月曜日の二限、相変わらず黒須の講義は女子学生が多い。講義が始まる五分前には全席が埋まってる。

履修してるのは百人程度のはずだけど、教室には倍の人数がいそう。しかも前列には派手な格好の女子が多い。黒須の注意を引きたいのかもしれない。

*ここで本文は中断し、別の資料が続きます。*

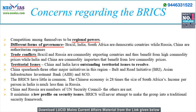Territorial issues are another concern. China has outstanding territorial issues with India, including claims over Arunachal Pradesh as part of Tibet. China also spearheads three major initiatives in the region: the Belt and Road Initiative, where India and China are at odds; the Asian Infrastructure Investment Bank; and the Shanghai Cooperation Organization. The BRICS countries have very little in common — the Chinese economy is almost 20 times the size of South Africa's, and income per person in India is much less than in Russia. Furthermore, China and Russia, as permanent UNSC members, are not in favor of expanding the Security Council to accommodate India. BRICS also maintains a low profile on security issues.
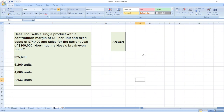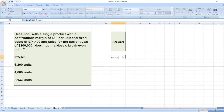Hey guys, with the help of this question I am going to show you how to calculate breakeven point. The question is: HAS Incorporation sells a single product with a contribution margin of $12 per unit and fixed costs of $74,400 and sales for the current year of $100,000. How much is HAS's breakeven point?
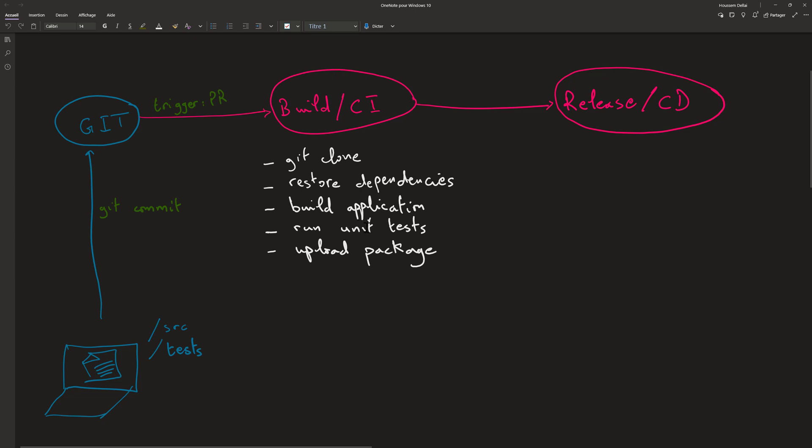Then we'll go to run the unit tests to make sure that package doesn't have bugs and then we'll upload that package into an artifact so that it can retrieve it later from the release pipeline. We'll explore the release pipeline in next videos. Let's now focus only on the build pipeline.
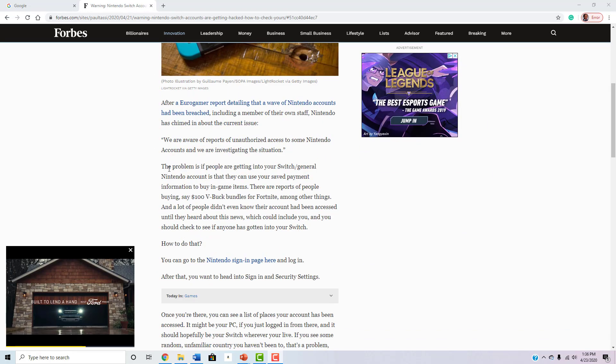It says, the problem is if people are getting into your Switch general account is that they can use your saved payment information to buy in-game items. There are reports of people buying say 100 V-Bucks bundles for Fortnite, among other things.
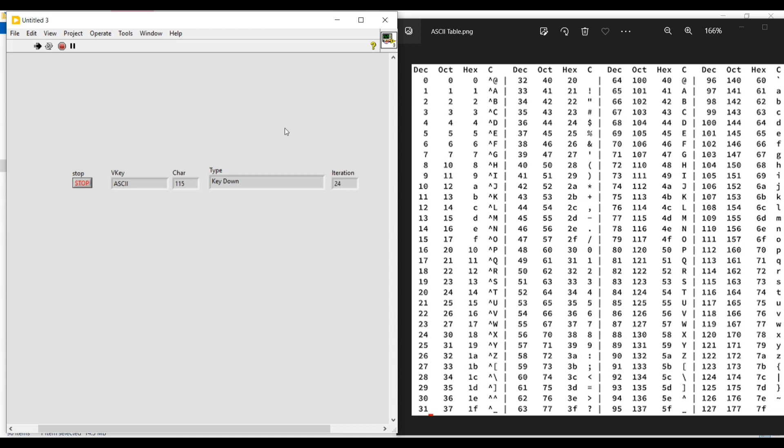Similarly, for each character we press on the keyboard the char indicator will show its respective ASCII value. On the right side there is a table where the ASCII values for all the characters are given — we can refer to that. Whenever we press a character on the keyboard the event structure executes and an iteration gets completed, which is indicated on the iteration indicator. We can see the iteration count increases with each keypress.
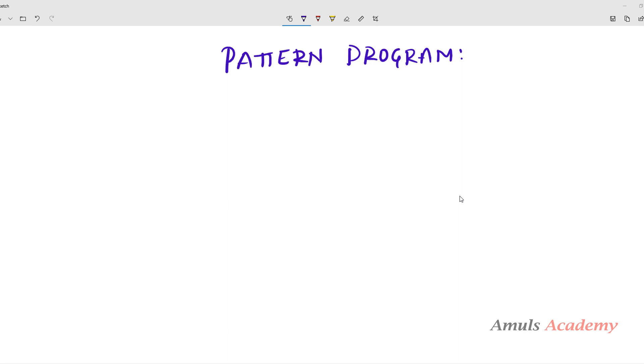Hello guys and welcome to Python programming tutorials by Amuls Academy. Today in this tutorial we will discuss about a pattern program.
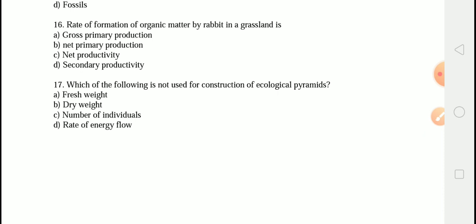So these were some of the very important MCQs from Chapter 14 of Class 12, that is Ecosystem. If you liked our video, please do not forget to like, share, and subscribe to our channel, and you can also tell us your views in the comment section. Your each and every subscription matters to us a lot. Thank you so much.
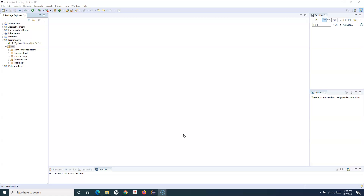For example, you are trying to automate a web application and you are trying to read some data from a particular file that you think is available at a certain location, but that file is not available there. In that case you will get an exception. Similarly, you might be trying to write data to a file at a particular location, but that file doesn't exist — these are very common scenarios.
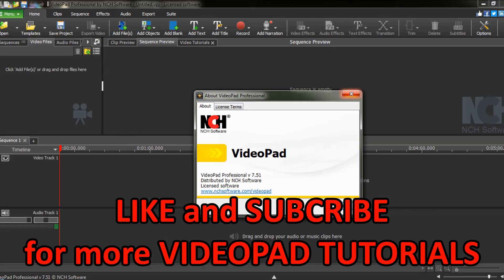Like and subscribe and be sure to check out my other VideoPad tutorials from the tech playlist in the description below.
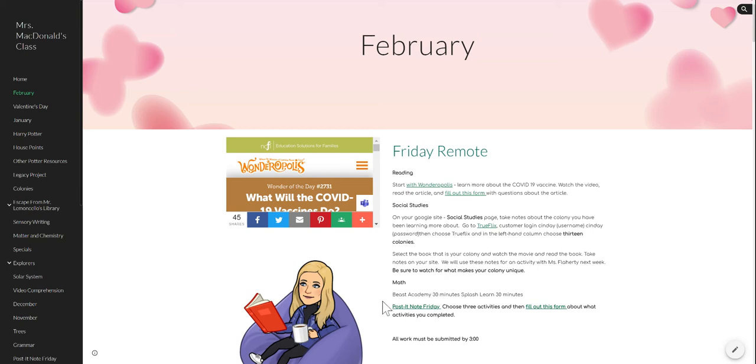In math today, 30 minutes of Beast Academy, 30 minutes of Splash Learn. There are assignments on Splash Learn that go along with your personal learning plan after we took the assessments, so there's different things.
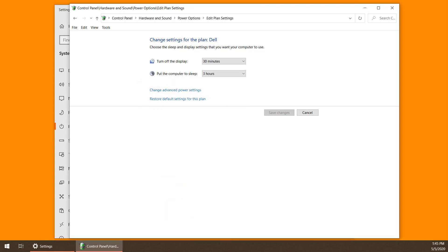At this point, your computer should be much quieter and that fan shouldn't turn on as much anymore. Thanks for watching the video. I hope it's helpful for you and quiets down your computer. Go ahead and like the video and share it with your friends too. I'll see you next time.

まあ、別にいいんだけど。私は後ろの列でも構わないし、黒須目当てじゃないし。ただ静かに講義が聞きたいだけ。

「春音ちゃん、どうしたの?眉間に皺が出来てるけど」

隣に座ってる若菜に指摘される。
前列の女子たちから視線を外し、若菜を見た。水色のひらひらカットソーが女子って感じがする。若菜はいつもお洒落だな。

「ちょっと前が見づらくて、目を細めてたの」

若菜が驚いたようにくりくりの瞳を見開いた。

「春音ちゃん、近眼だったっけ?裸眼で1.2あるって前に言ってなかった?」

一年生の頃、自慢げに言ったことがある。若菜、覚えてるんだ。

「なんか今日は目がかすんでて」

「大丈夫?目薬さす?」

若菜が鞄をごそごそし始めた。

前の女子がムカついて見てたとは言えないな。黒須の事意識してるみたいに思われたら嫌だし。

「今治った。なんかゴミ入ってたみたいで取れた」

「そうなんだ。良かった」

若菜が安心したように微笑んだ。

「あーもうダメだー!」

若菜の隣のゆかが突然叫んだ。

「どうしたの?」

若菜と一緒に聞いた。

「今から試験だよ。若菜と春音は余裕だね。私、土日バイトで全然勉強できなかったんだ」

試験!そうだった。今週から試験ウィークだった。

土曜日に黒須に連れて行かれたパーティーの事ですっかり頭から飛んでた。

ヤバッ。

そう思った時、教室の前の扉が開いて黒須が入って来た。